### Exercise data:
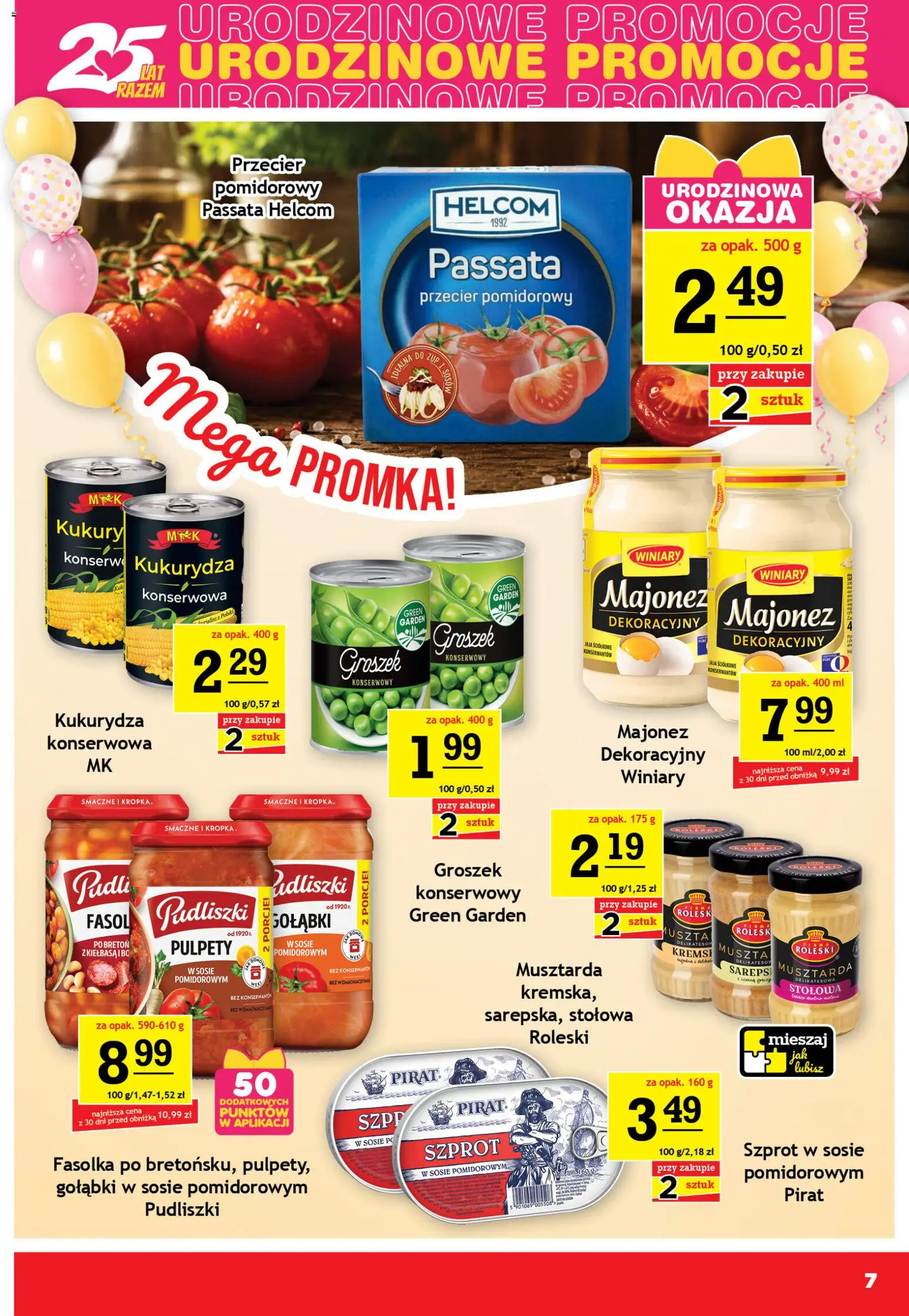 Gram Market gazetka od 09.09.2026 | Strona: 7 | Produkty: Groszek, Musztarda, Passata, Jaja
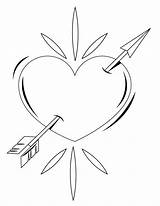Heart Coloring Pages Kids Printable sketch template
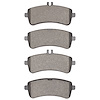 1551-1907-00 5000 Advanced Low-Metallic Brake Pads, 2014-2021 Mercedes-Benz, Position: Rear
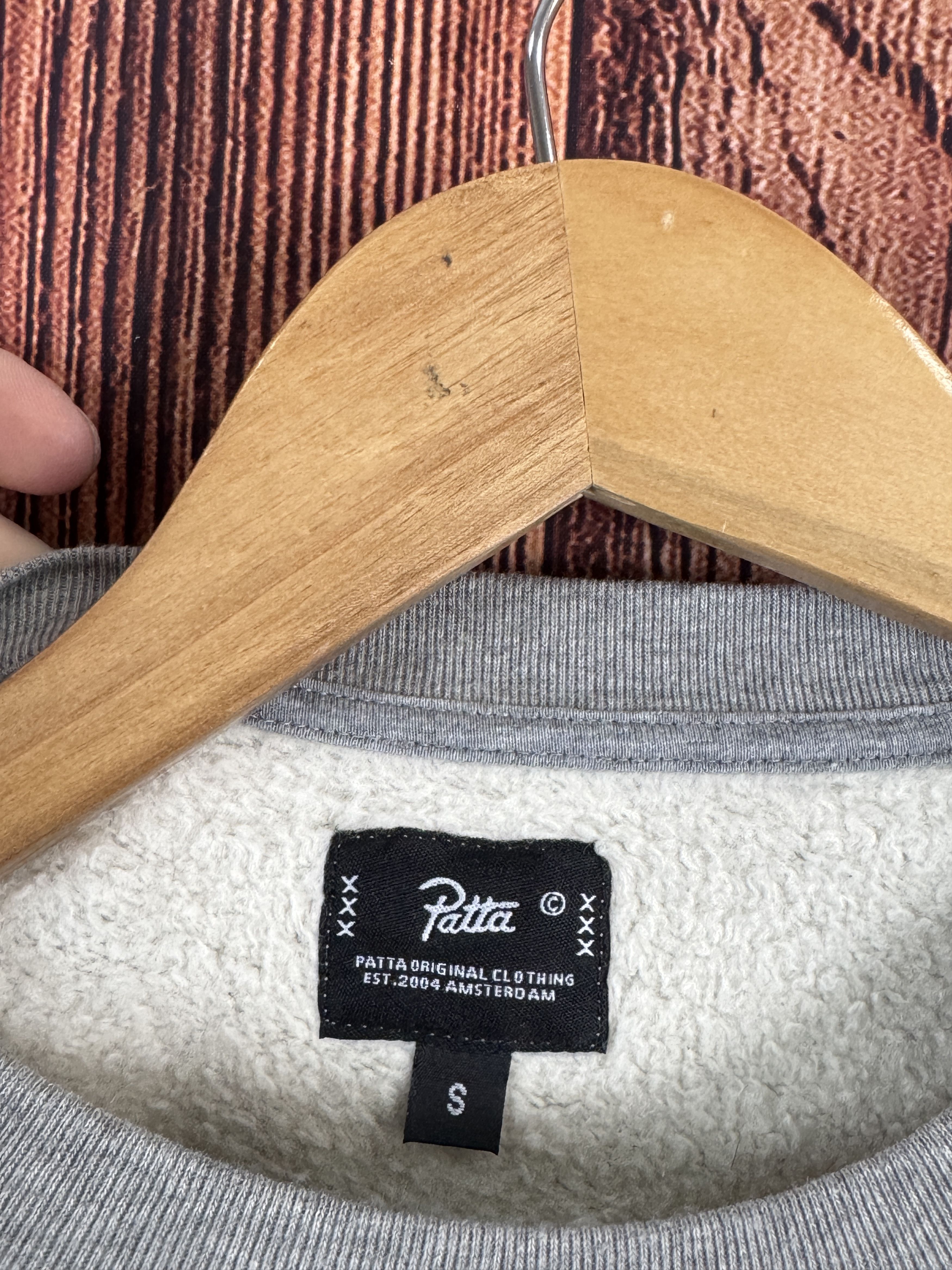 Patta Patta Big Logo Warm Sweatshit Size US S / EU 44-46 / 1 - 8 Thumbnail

### Task directions:
Transcribe every line of the listing above exactly; skip the pictures.

### Written solution:
 Gram Market gazetka od 09.09.2026 | Strona: 7 | Produkty: Groszek, Musztarda, Passata, Jaja
Heart Coloring Pages Kids Printable sketch template
 1551-1907-00 5000 Advanced Low-Metallic Brake Pads, 2014-2021 Mercedes-Benz, Position: Rear
 Patta Patta Big Logo Warm Sweatshit Size US S / EU 44-46 / 1 - 8 Thumbnail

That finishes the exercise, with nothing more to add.